Autant de raccourcis pour éluder l’essentiel : la parole de ce pape est identifiée à un « peuple », le peuple des « périphéries » des grandes villes, le peuple du « sous-sol de la planète », de ces « quartiers populaires » qu’il a arpentés toute sa vie d’antan et qui sont le réservoir, pense-t-il, de valeurs désormais oubliées dans les centres urbains « ghettoïsés ». François est bien le pape de ce nouveau monde globalisé si loin de la curie romaine, ce monde écrasé par des mégapoles dont il fait de sa ville, Buenos Aires, le symbole, ce monde tyrannisé par un système économique libéral qui n’a d’autre loi que celle du plus fort, ce monde traversé par les luttes écologiques et sociales, déserté par Dieu ou démangé par les sectes évangéliques.

La meilleure expression de cette vision politique se trouve dans les discours qu’il a prononcés à Rome et à Santa Cruz en Bolivie devant les « mouvements populaires », coopératives paysannes, ouvrières, associations de lutte contre l’exclusion et pour l’économie sociale. Devant ces sans-grade de la mondialisation, il a dénoncé le « nouveau colonialisme », « les veaux d’or que sont les entreprises, les organismes de crédit, certains traités de libre-échange et l’imposition de mesures d’austérité qui obligent toujours plus les travailleurs et les pauvres à se serrer la ceinture ». Et de sonner l’heure de la révolte chez « les plus humbles, les exploités, les exclus », en assurant que « l’avenir de l’humanité n’est pas entre les mains des grands dirigeants, des grandes puissances et des élites ».

Assez pour intenter contre lui un procès, venu des États-Unis et de la presse libérale, d’incompétence économique, de populisme et de démagogie. Car ces mouvements populaires que le pape affectionne sont bien ces groupes altermondialistes, ces Indignados, ces Occupy Wall Street, et toute cette mouvance qui se rebelle en Europe ou en Amérique contre un système injuste. Et ce n’est pas un hasard si le conseiller le plus proche du pape en cette matière est Marcelo Sánchez Sorondo, un évêque argentin qui, en juin, avait appelé au Vatican la Canadienne Naomi Klein, star des combats écologistes et altermondialistes, pour commenter l’encyclique sur la dégradation de la planète. Gauchiste, ce pape ? Il a déjà maintes fois répondu non, mais avec toujours l’air de dire : Je ne suis pas marxiste. Alors laissez-­moi être antilibéral tranquil­lement. 

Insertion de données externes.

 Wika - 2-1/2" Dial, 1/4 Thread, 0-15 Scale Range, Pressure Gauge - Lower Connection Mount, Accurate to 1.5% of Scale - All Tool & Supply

Au total, cette parole du pape François touche, bouleverse ou… révolte. On loue son discours généreux, sa manière positive et chaleureuse de s’adresser à toutes les « périphéries », y compris celle des déçus de l’Église, de renoncer à ce ton arrogant de certitudes longtemps cultivé par Rome. Mais le vent tourne. Au Vatican et dans le monde, beaucoup traînent les pieds, misent sur l’usure et la fin d’un pontificat pressenti comme court. Il faut s’attendre à des résistances par exemple aux États-Unis, où un épiscopat conservateur, hostile aux réformes morales sur la famille, rejoint les positions des milieux économiques les plus libéraux. Cependant, François est un homme de « processus ». Il sait qu’il n’aura ni le temps ni le pouvoir de convaincre le monde mais, dit Andréa Riccardi, « en bon jésuite, il enclenche, avec discernement, des processus libéraux. Et il s’y tient fermement ».